After the Israelites had spent years in exile, God was able to convince a foreign king to send them home, and give them everything they need to rebuild his temple. He did not forget them, or hold their past sins against them. He kept his promise and forgave them. Not only that, he had Cyrus convinced that he was only ruler of such a large area because of the Hebrew God. That is power. He did this not once, but thrice. During the reign of Darius, when the rebuilding of the temple was opposed, Darius sent out a letter saying,
And whatever is needed—bulls, rams, or sheep for burnt offerings to the God of heaven, wheat, salt, wine, or oil, as the priests at Jerusalem require—let that be given to them day by day without fail, 10 that they may offer pleasing sacrifices to the God of heaven and pray for the life of the king and his sons. 11 Also I make a decree that if anyone alters this edict, a beam shall be pulled out of his house, and he shall be impaled on it, and his house shall be made a dunghill. 12 May the God who has caused his name to dwell there overthrow any king or people who shall put out a hand to alter this, or to destroy this house of God that is in Jerusalem. I Darius make a decree; let it be done with all diligence – Ezra 6:10 – 12
He did it the third time during the reign of Artaxerxes (Ezra 7). God’s mercy, kindness, love, and power was on display during that time. He wasn’t leading them with pillars of fire or parting seas, but he was with them. In the same way he provides for his people today.

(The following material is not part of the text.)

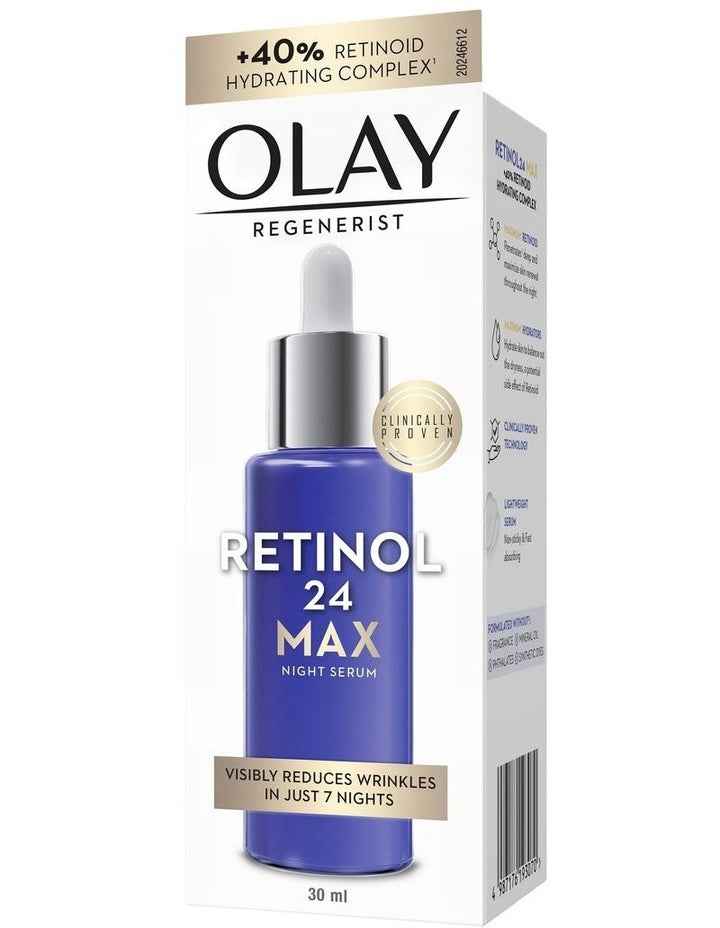 Regenerist Retinol 24 Max Night Serum 30ml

Ezra’s Response to Intermarriage
In keeping with my tradition of blaming all wrongdoing in the Bible on the people rather than God, I must express outrage at Ezra’s handling of this particular event. God had commanded the people not to marry foreigners to prevent those foreigners from bringing foreign gods and leading the people astray. However, some Israelites had done that during the exile. Ezra’s solution was to send away the foreign women and their children. The people had already sinned. In ending those marriages he showed disregard for the institution of marriage and put those women in a bad place. He deprived the children of their fathers. How is that a good solution? It seems more that he missed the point of the command and neglected to show mercy. He would have done better to ensure that the foreigners were converted and put in measures to ensure that the law was followed. The crime had already been committed.